I just wanted to add that the parents do not have to involve the school at this point. They can take him to a psychiatrist for evaluation privately. Of course, if the child continues to act out, the parents may have no choice since the school will take the initiative.Or the legal system will take action if they receive a complaint. That might be one way to encourage the parents to take action - by pointing out to them that if they don't get right on this, others will do it for them - and the consequences will be much, much more serious. Perhaps there are other reasonable close family that can appeal to the parents with you, as concerned and caring family members.

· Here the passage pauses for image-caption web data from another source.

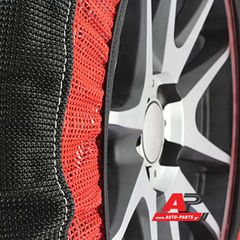 UNIVERSAL Multigrip Ιταλικές Πατενταρισμένες Χιονοκουβέρτες 275,50 R21 (2τμχ)-thumb-3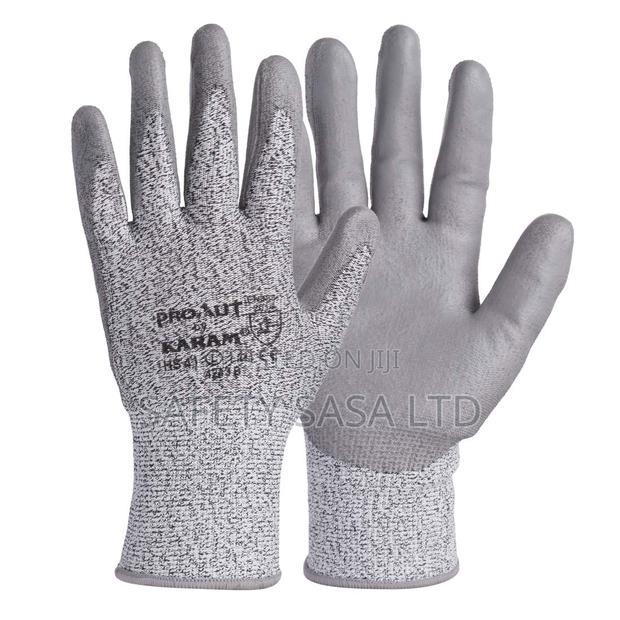 Anti Cut Resistant Gloves - main view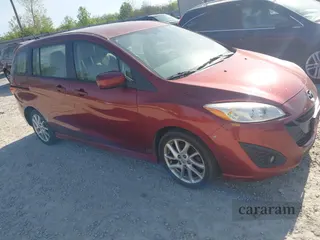 2012 Mazda 5 Touring
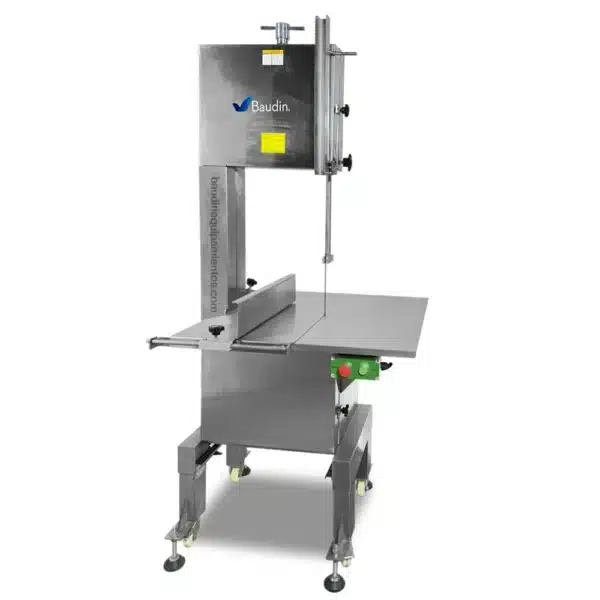 Sierra Carnicera Trifasica 2.2 Kw Kuma W500A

Plus, the child is clearly ill and needs treatment. Professional treatment, absolutely. Really, his entire future hangs in the balance.
Good luck.
Yes this is serious. This has gone beyond the concerns of your nephew and whether his behaviour is controllable, it has reached a point where the mental and physical wellbeing of others in his peer group and younger are being put at risk. There is clearly something going on in his development which is beyond the range of what the regular teenage support networks can help with - he apparently needs direct intervention by a mental health specialist, now. Whatever the cause of his behaviour, be it mental illness, misplaced anger, personality issues, the important thing now is that it is held in check. I am sorry to sound harsh but the safety of others is becoming a real factor here. The good news is that being thirteen, it may be an extreme 'phase' and ultimately entirely treatable, or he made need more long term monitoring. As yet he has not behaved in such a dangerous way as to need the intervention of social services or law enforcement, but as Dr. Greenburg states, this is a route he is heading towards.
People make a great deal of school records, but the fact is they mean little in the adult world, whereas allowing your nephew to reach the point of being considered unsafe would be questioned more. You need to make this clear to his parents. If they allow the right people to intervene now then there is more chance of this being passed through as a phase, less so if his behaviour deteriorates further. If his parents are still resistant (and yes I can understand why), maybe at some point action will need to be taken without their consent. Far far more shameful. Dr. Greenburg has put this same point much more diplomatically than me perhaps, but I am stressing this because I care, as much for your nephew as all those affected by his behaviour. It is harsh that this is falling on you to sort out, but kudos to you for taking this responsibility. You clearly love him, but love can involve doing things which initially seem hurtful, and regrettably this is the position you are in.
Confront the parents again, get your argument straight and be calm with your reasoning, prepare for their likely negative reaction. If they still resist, you may wish to raise your concerns with his teacher or headteacher, they will have more experience about how to discreetly deal with this. Just try to convince his parents to forget the whole school record concern, really, it means nothing. When as an adult have you, they, or anyone, ever been asked about your school record? There are far more serious issues at stake here.
You have every right to be concerned. The behavior that you are describing is beyond the "norm" of average expectable behavior for a 13 year-old. It sounds like you are in an especially difficult position, because you can only try to influence what your sister and brother in law decide to do or not do to best help your nephew. If you haven't already, you may want to reiterate to them that his behavior is well beyond what is expected, and if there is a serious emotional problem that is driving this behavior, that he may not be able to control doing something such as "holding a girl up against the lockers" or worse, which could have disastrous consequences. You may also want to find out if there is anything else that is impeding their willingness to take your nephew for treatment. If it is the worry about feeling ashamed that there may be "something wrong" with their son, you may want to point out that given the option between dealing with the shame if he were to be in treatment of some kind, and the potential consequences (expulsion from school, law enforcement getting involved, etc.) if he does not, it may be advisable to deal with the shame.